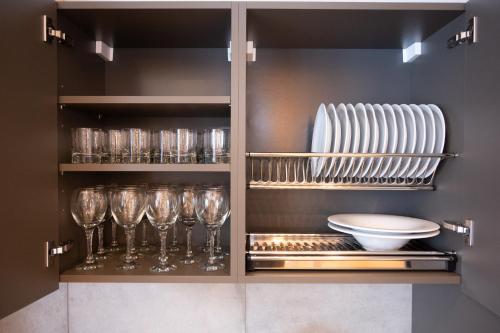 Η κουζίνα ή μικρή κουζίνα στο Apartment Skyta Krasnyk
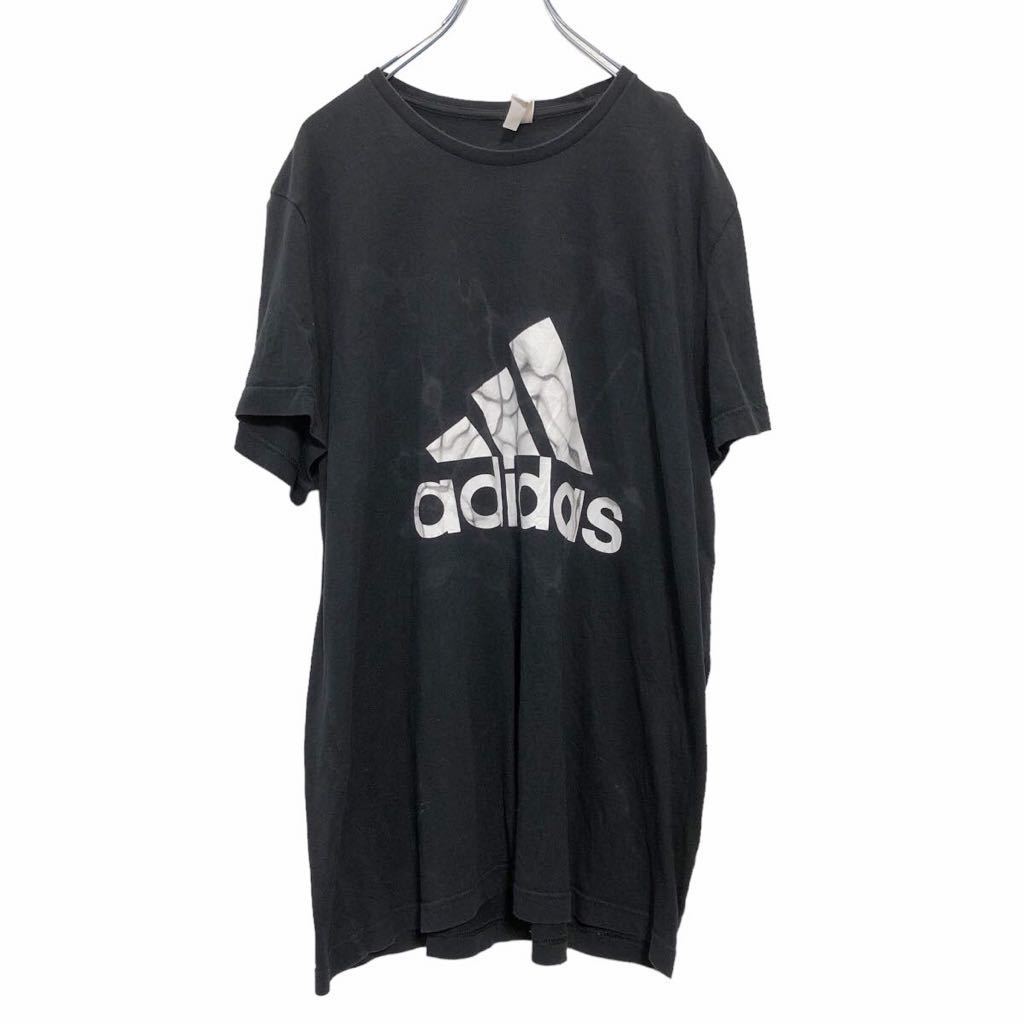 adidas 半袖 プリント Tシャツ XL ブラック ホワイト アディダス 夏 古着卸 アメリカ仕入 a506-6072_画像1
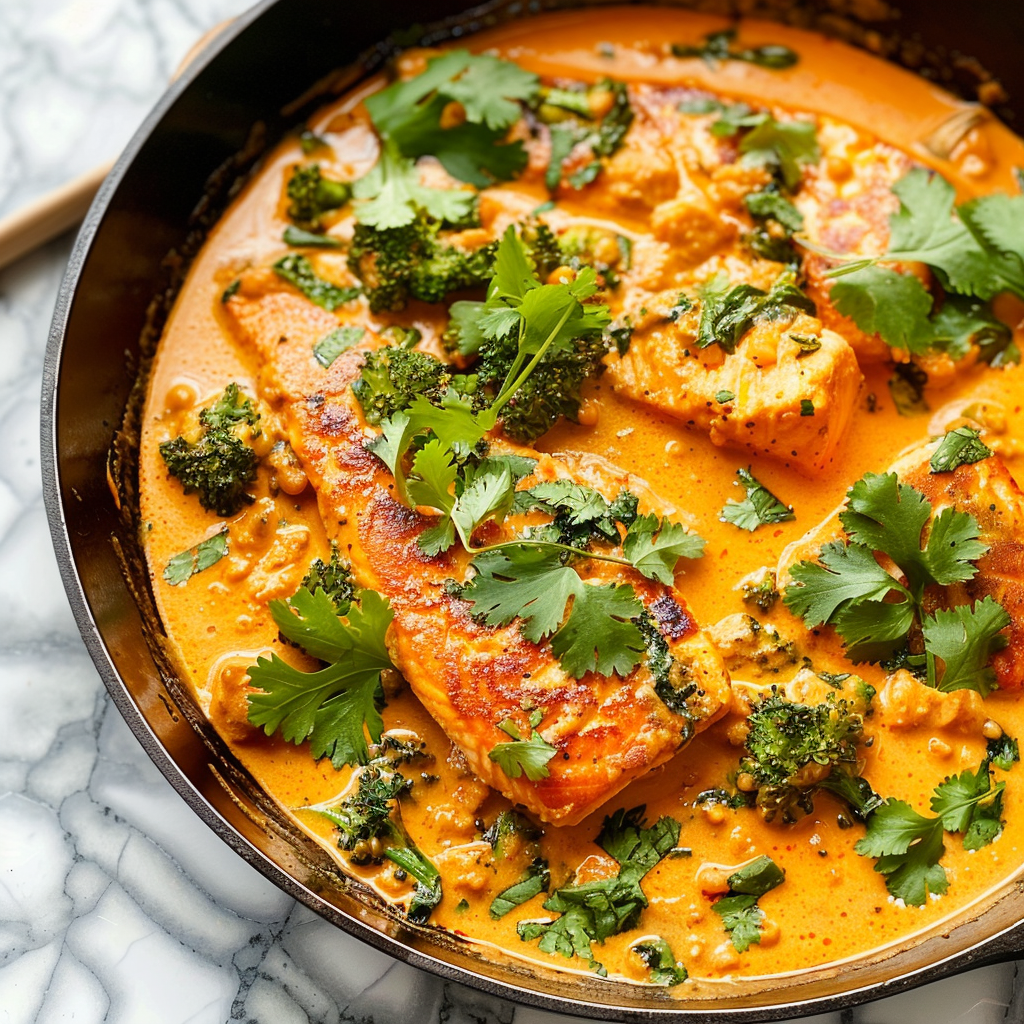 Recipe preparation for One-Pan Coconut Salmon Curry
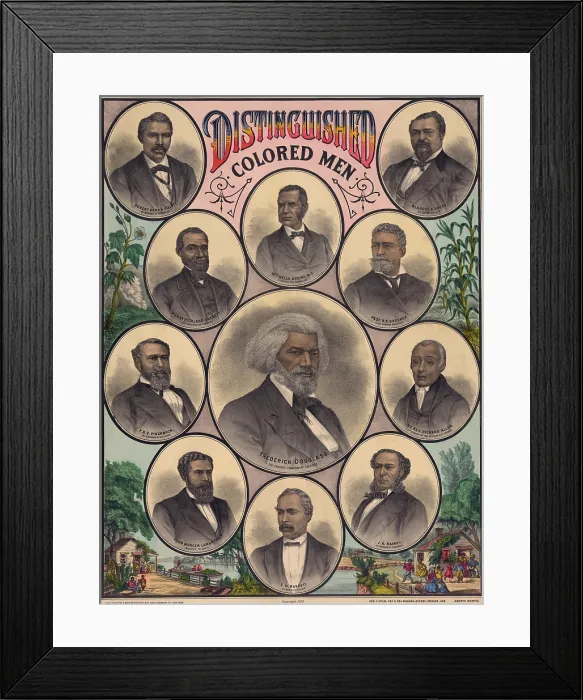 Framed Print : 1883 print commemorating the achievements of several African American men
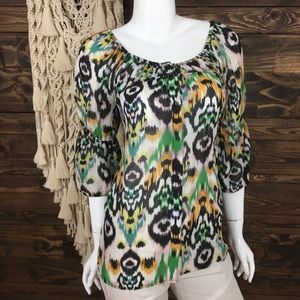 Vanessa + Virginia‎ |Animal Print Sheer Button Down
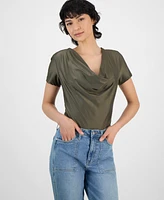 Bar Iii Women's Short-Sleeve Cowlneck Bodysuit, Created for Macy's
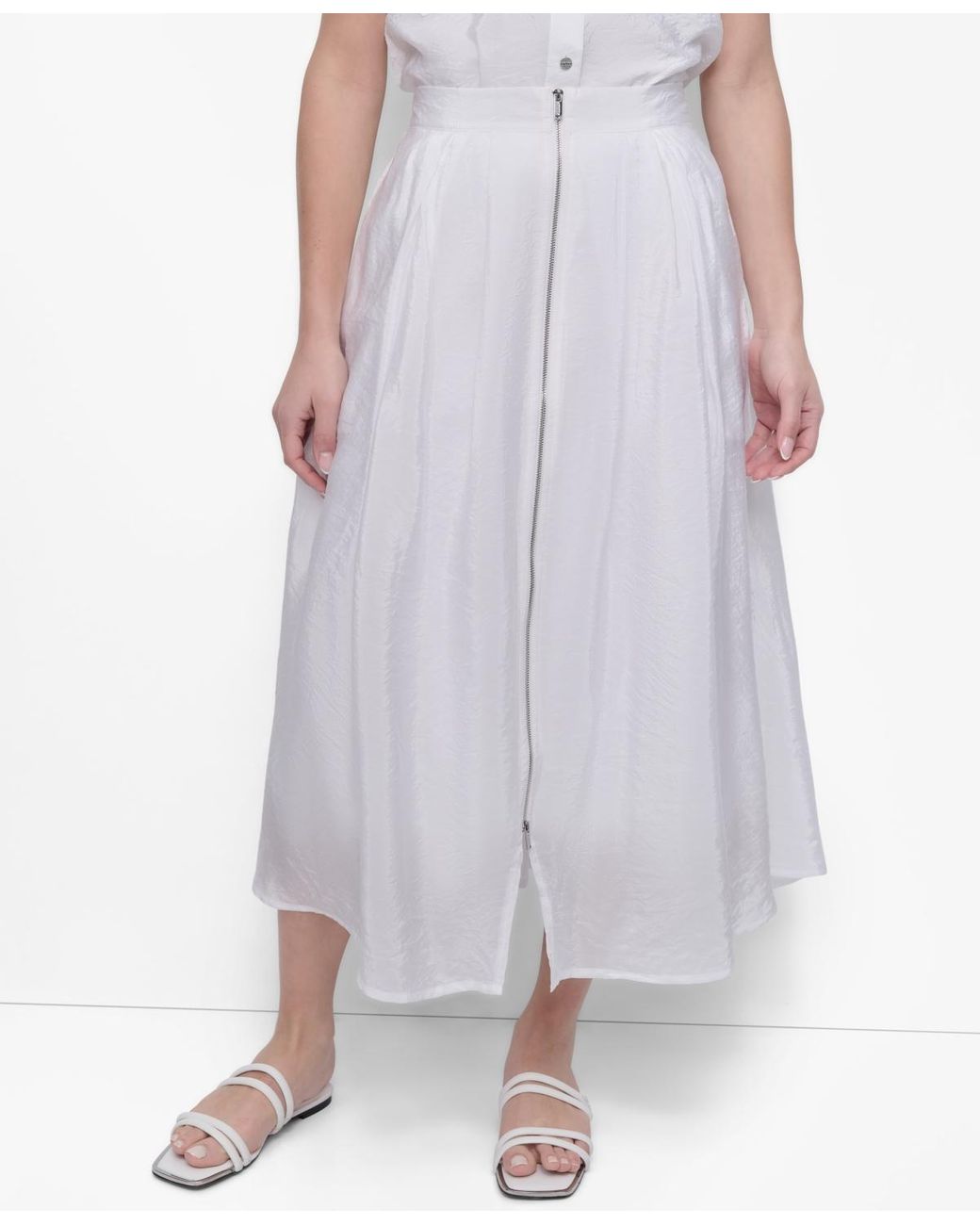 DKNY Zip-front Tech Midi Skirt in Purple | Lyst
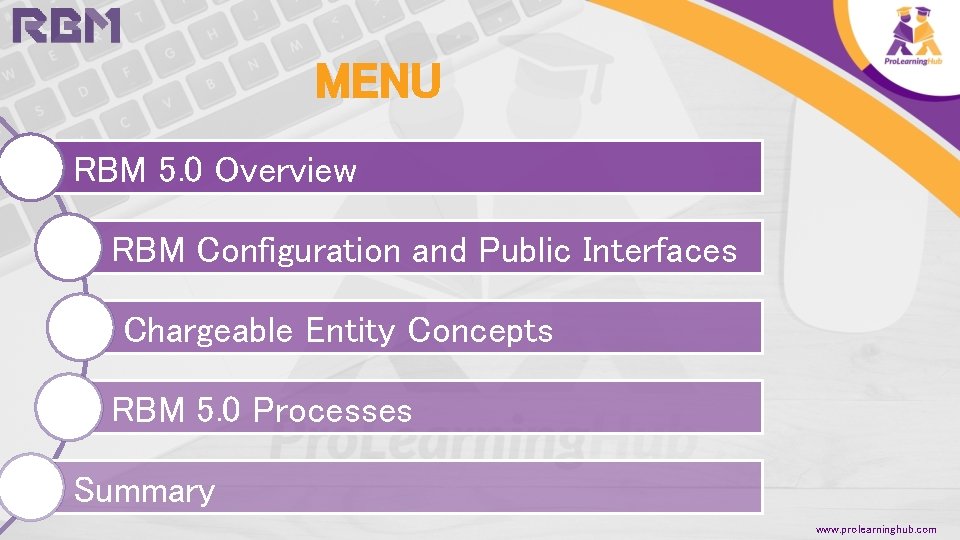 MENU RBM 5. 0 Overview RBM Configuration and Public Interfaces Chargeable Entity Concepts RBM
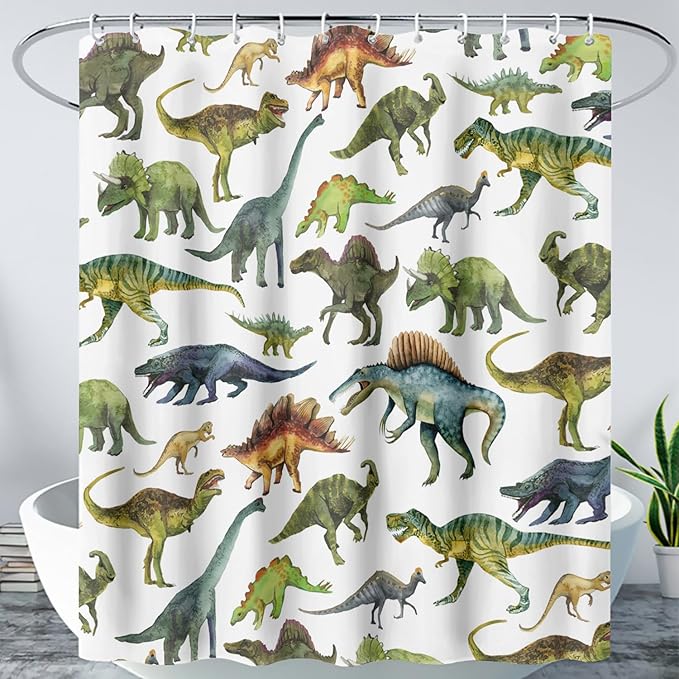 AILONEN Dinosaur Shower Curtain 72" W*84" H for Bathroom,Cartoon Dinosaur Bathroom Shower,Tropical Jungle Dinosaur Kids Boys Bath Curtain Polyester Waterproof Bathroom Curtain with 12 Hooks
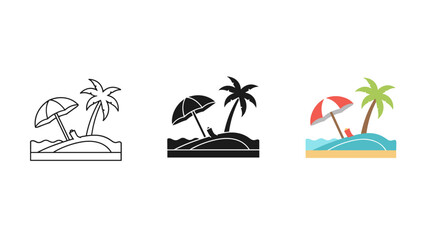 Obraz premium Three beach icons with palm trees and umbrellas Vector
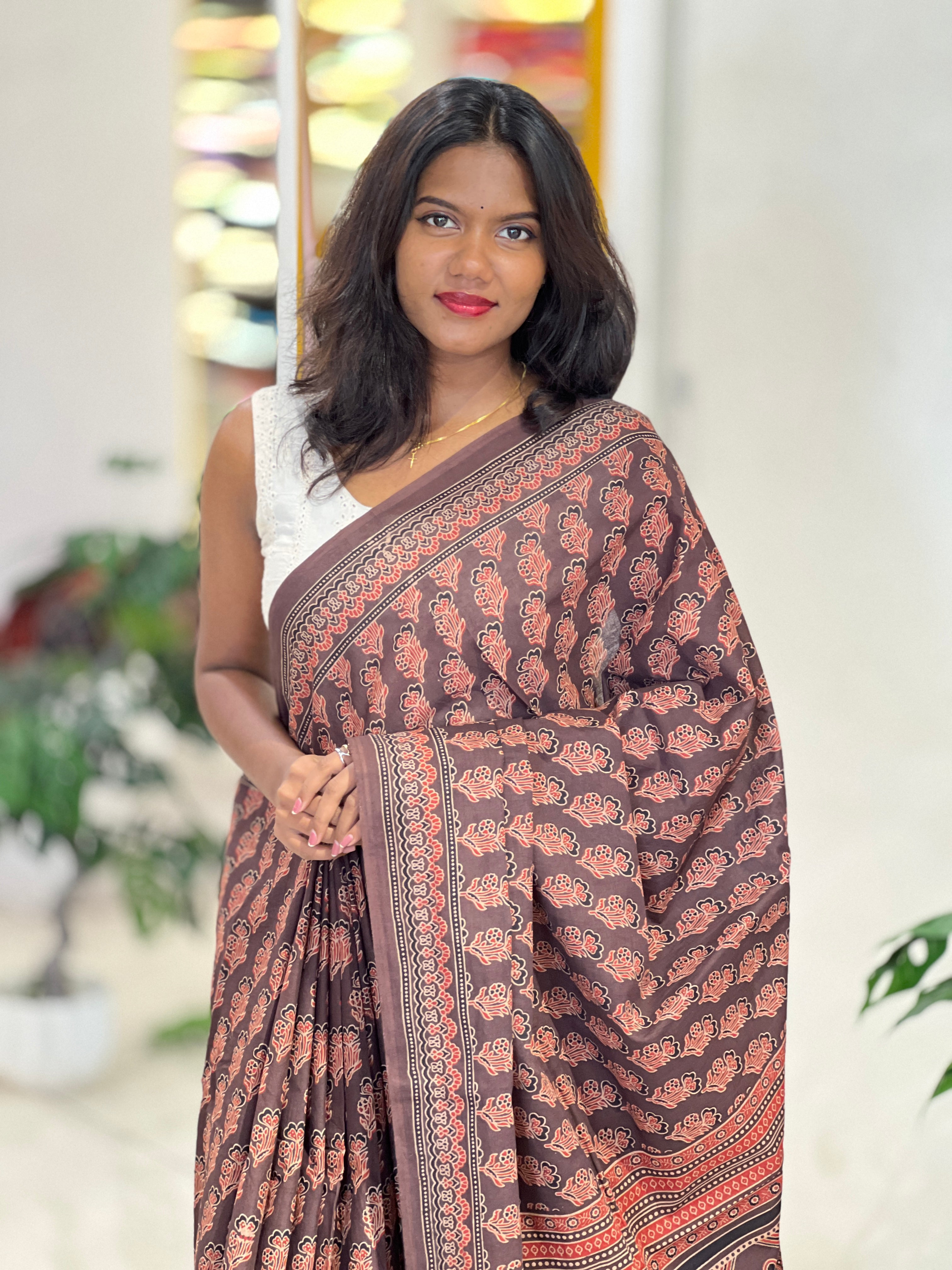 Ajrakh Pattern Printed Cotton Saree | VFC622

_EXERCISE_. Retyping should start at the first line of the data above and stop after the line with "MENU RBM 5.", and no picture should be included.

_EXERCISE SOLUTION_.
 Η κουζίνα ή μικρή κουζίνα στο Apartment Skyta Krasnyk
 adidas 半袖 プリント Tシャツ XL ブラック ホワイト アディダス 夏 古着卸 アメリカ仕入 a506-6072_画像1
 Recipe preparation for One-Pan Coconut Salmon Curry
 Framed Print : 1883 print commemorating the achievements of several African American men
 Vanessa + Virginia‎ |Animal Print Sheer Button Down
 Bar Iii Women's Short-Sleeve Cowlneck Bodysuit, Created for Macy's
 DKNY Zip-front Tech Midi Skirt in Purple | Lyst
 MENU RBM 5. 0 Overview RBM Configuration and Public Interfaces Chargeable Entity Concepts RBM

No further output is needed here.